What needs to be done
With pictures left out, please repeat word for word the lines from the one containing "Диски Авто R21" through the end of the records.

Data excerpts:
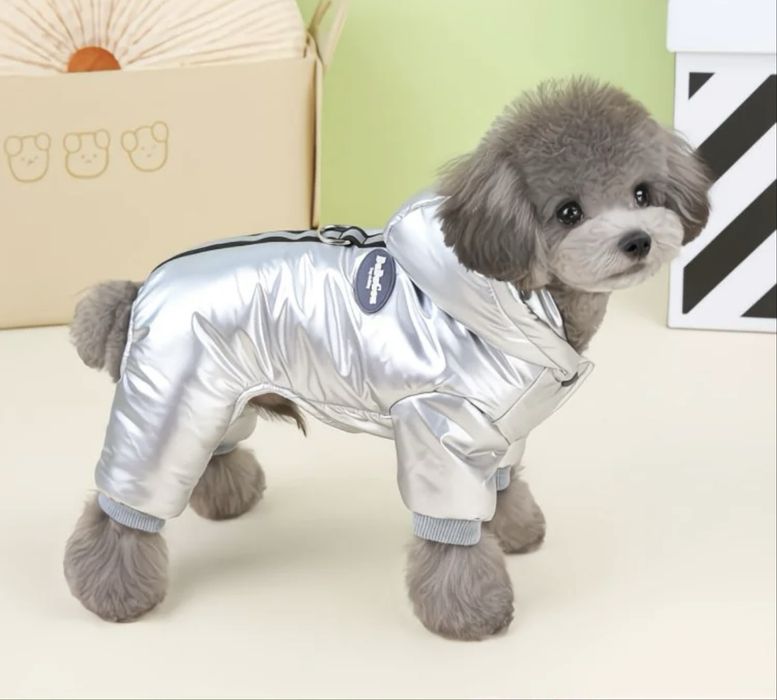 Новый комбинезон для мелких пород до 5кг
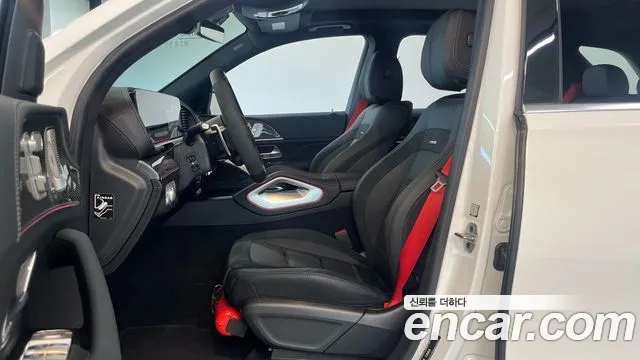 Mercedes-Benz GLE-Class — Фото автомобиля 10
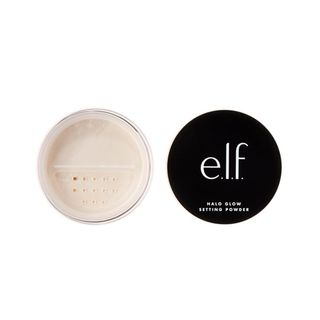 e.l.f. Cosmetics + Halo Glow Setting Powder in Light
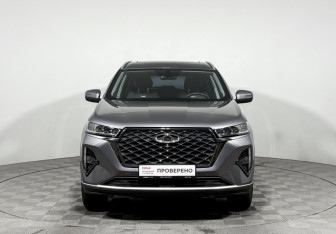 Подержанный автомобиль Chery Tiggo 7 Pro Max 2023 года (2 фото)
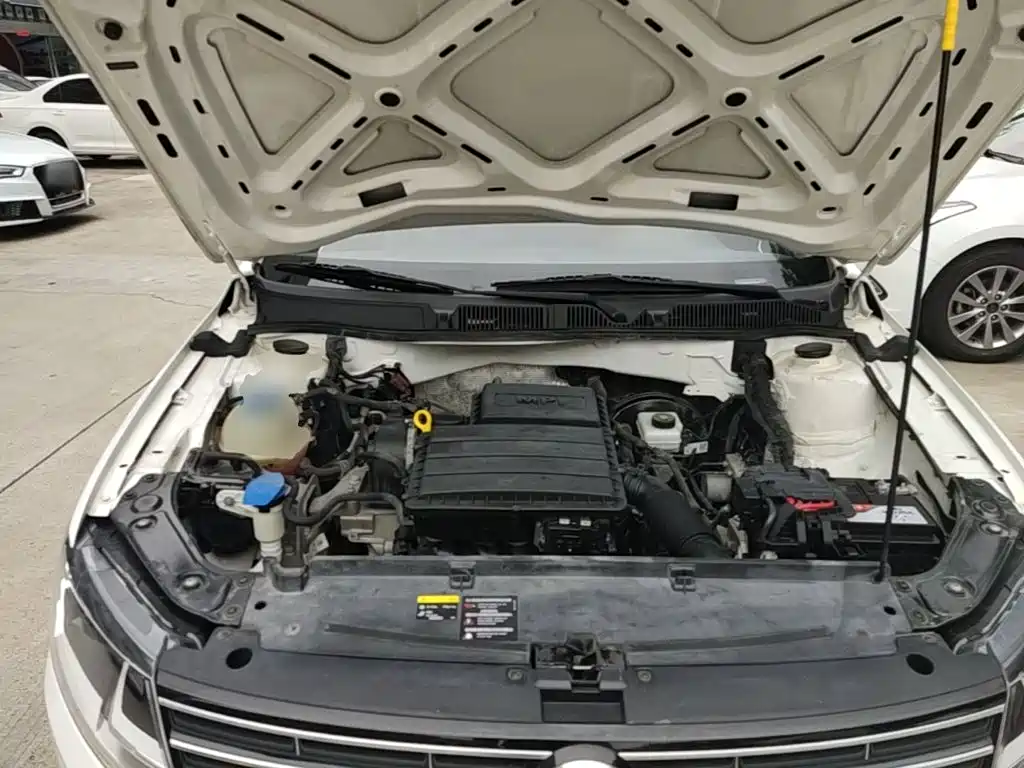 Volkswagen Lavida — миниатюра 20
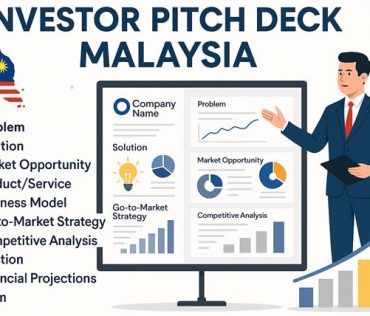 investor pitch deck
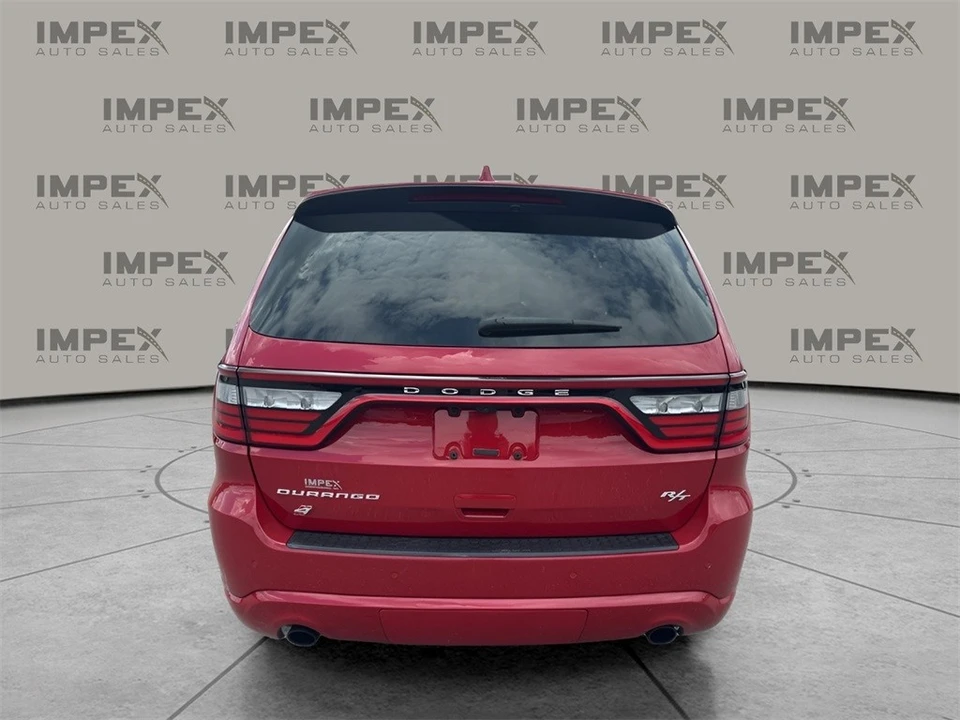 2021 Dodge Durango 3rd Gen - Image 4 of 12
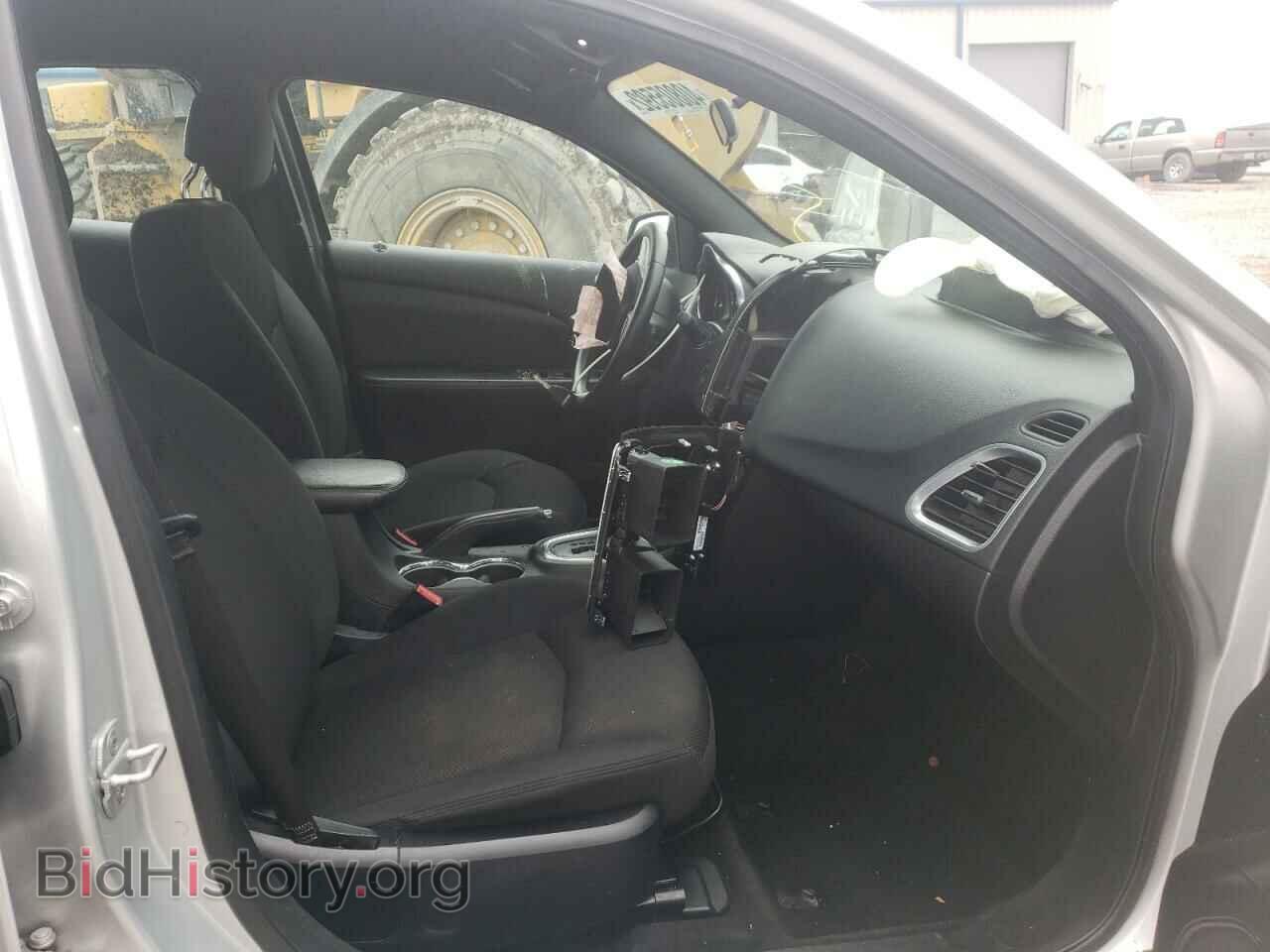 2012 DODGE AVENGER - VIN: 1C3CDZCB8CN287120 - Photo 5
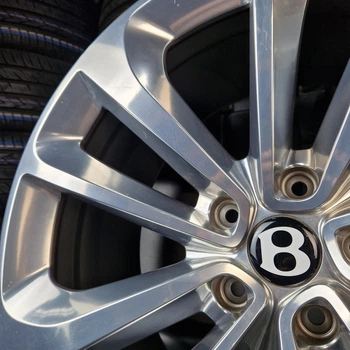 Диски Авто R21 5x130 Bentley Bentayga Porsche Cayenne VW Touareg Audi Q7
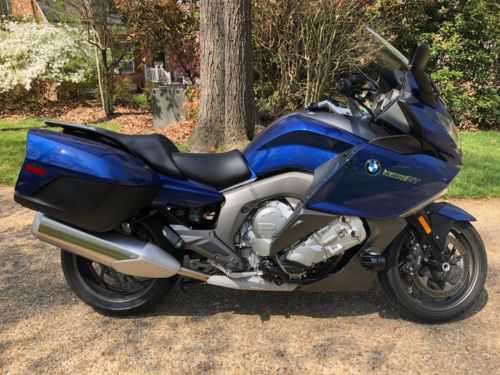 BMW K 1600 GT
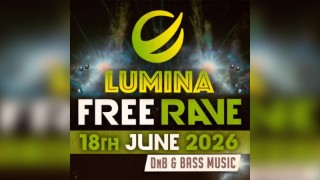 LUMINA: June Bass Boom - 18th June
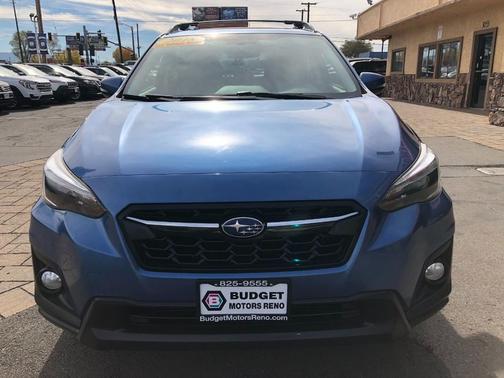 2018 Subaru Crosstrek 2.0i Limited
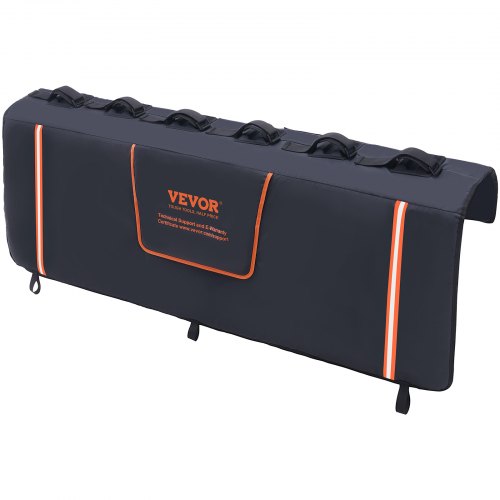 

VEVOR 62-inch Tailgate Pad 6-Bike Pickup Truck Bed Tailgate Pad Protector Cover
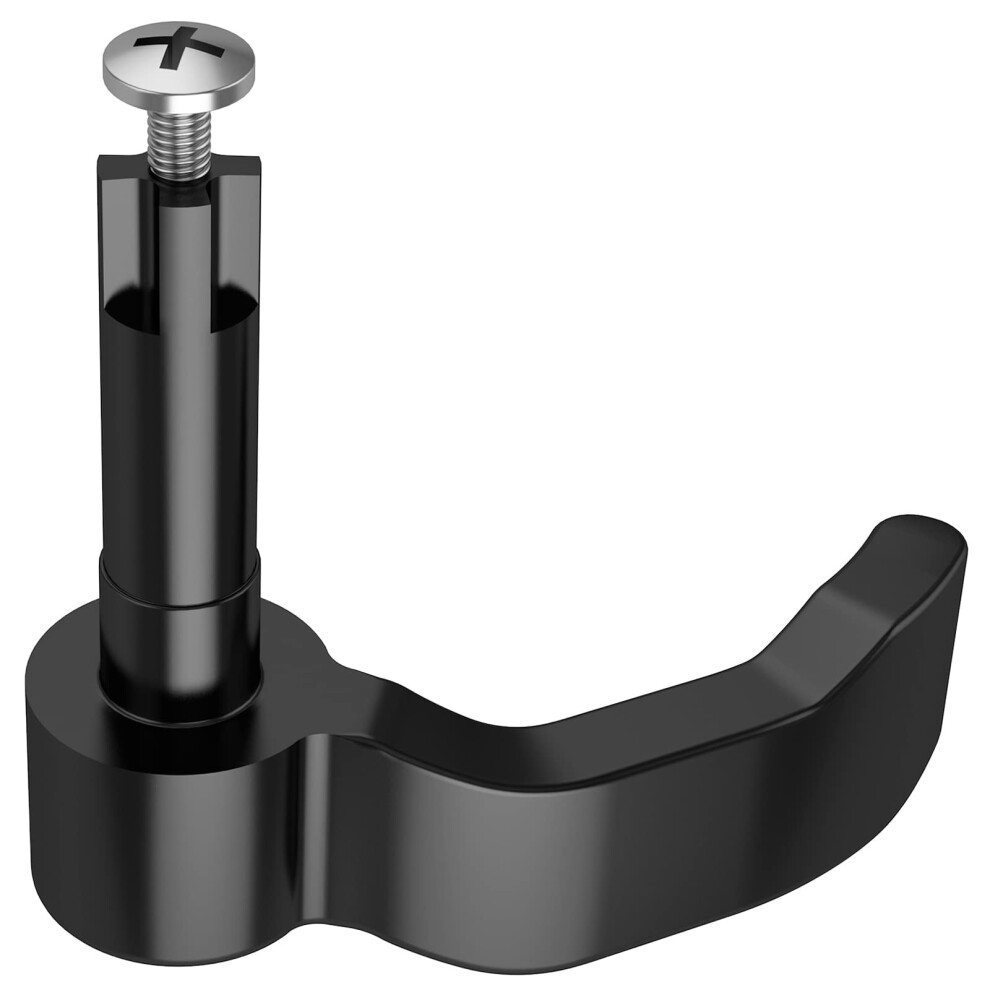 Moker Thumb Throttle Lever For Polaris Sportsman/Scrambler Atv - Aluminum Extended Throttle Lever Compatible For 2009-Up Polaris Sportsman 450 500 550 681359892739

Written reply
 Диски Авто R21 5x130 Bentley Bentayga Porsche Cayenne VW Touareg Audi Q7
 BMW K 1600 GT
 LUMINA: June Bass Boom - 18th June
 2018 Subaru Crosstrek 2.0i Limited

VEVOR 62-inch Tailgate Pad 6-Bike Pickup Truck Bed Tailgate Pad Protector Cover
 Moker Thumb Throttle Lever For Polaris Sportsman/Scrambler Atv - Aluminum Extended Throttle Lever Compatible For 2009-Up Polaris Sportsman 450 500 550 681359892739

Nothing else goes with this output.